Va preparata e portata in tavola nella caratteristica caquelon, una pentola di terracotta, ghisa o porcellana dal fondo spesso posizionata su un supporto di metallo o ferro – il réchaud – contenente una fonte di calore, per esempio una candela o un fornellino ad alcool, che permette al formaggio di mantenere la giusta temperatura per l’intera durata del pasto. Per mangiarla occorre seguire un vero e proprio “rito”: ogni commensale, infatti, intinge il pane nel formaggio con un’apposita forchettina – dalla forma allungata e con l’impugnatura in legno, per non scottarsi – imprimendole un movimento “a otto”, per permettere ai due elementi di legarsi alla perfezione.
Considerata un simbolo di convivialità, la fonduta è l’ideale da gustare nelle serate con gli amici, quando le temperature sono ancora piuttosto fredde e ci si riunisce in casa; questa sua caratteristica è legata a un evento storico ben preciso, risalente a oltre cinque secoli fa. Kappel, cittadina svizzera del Canton Zurigo, nel XVI secolo fu teatro dei conflitti tra i cattolici, provenienti dalle montagne della Svizzera centrale, e i protestanti di Zurigo guidati dal riformista Ulrich Zwingli: nel 1529 i due schieramenti, affamati, si concessero una tregua mettendo in comune il latte, che i cattolici possedevano in abbondanza, e il pane, di cui disponevano i protestanti. Cuocendo insieme i due alimenti nacque quella che è poi diventata la “zuppa di Kappel”, considerata l’antenata della fonduta.

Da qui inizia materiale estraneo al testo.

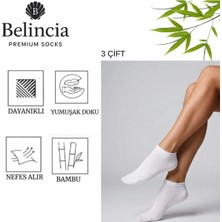 Belincia Bambu Kadın Patik Çorap/dikişsiz/koku Karşıtı 3'lü Paket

In realtà sulla nascita di questo piatto esistono varie spiegazioni, anche piuttosto discordanti. In tempi lontanissimi i contadini svizzeri avevano l’abitudine di fondere il formaggio insieme a quello che avevano a disposizione in casa, mangiandolo poi con il pane raffermo. Soltanto nel 1825 comparve la prima notizia scritta riguardante la fonduta, quando il politico francese Anthelme Brillat-Savarin inserì la ricetta nella sua opera Physiologie du Goût. Ma il piatto descritto da Savarin prevedeva l’utilizzo delle uova e del burro, mentre la vera fondue suisse, così come la conosciamo oggi, con liquore e vino bianco, cominciò a circolare soltanto agli inizi del Novecento.
Ne parlarono ancora Giovanni Vialardi, cuoco di Carlo Alberto e Vittorio Emanuele II di Savoia, nel suo Trattato di cucina del 1854, e Pellegrino Artusi nel celebre La Scienza in cucina e l’Arte di mangiar bene del 1891, che la definì “cacimperio” e riportò una preparazione a base di fontina, burro, rossi d’uovo e latte, che non doveva essere “né granulosa, né far le fila, ma aver l’apparenza di una densa crema”.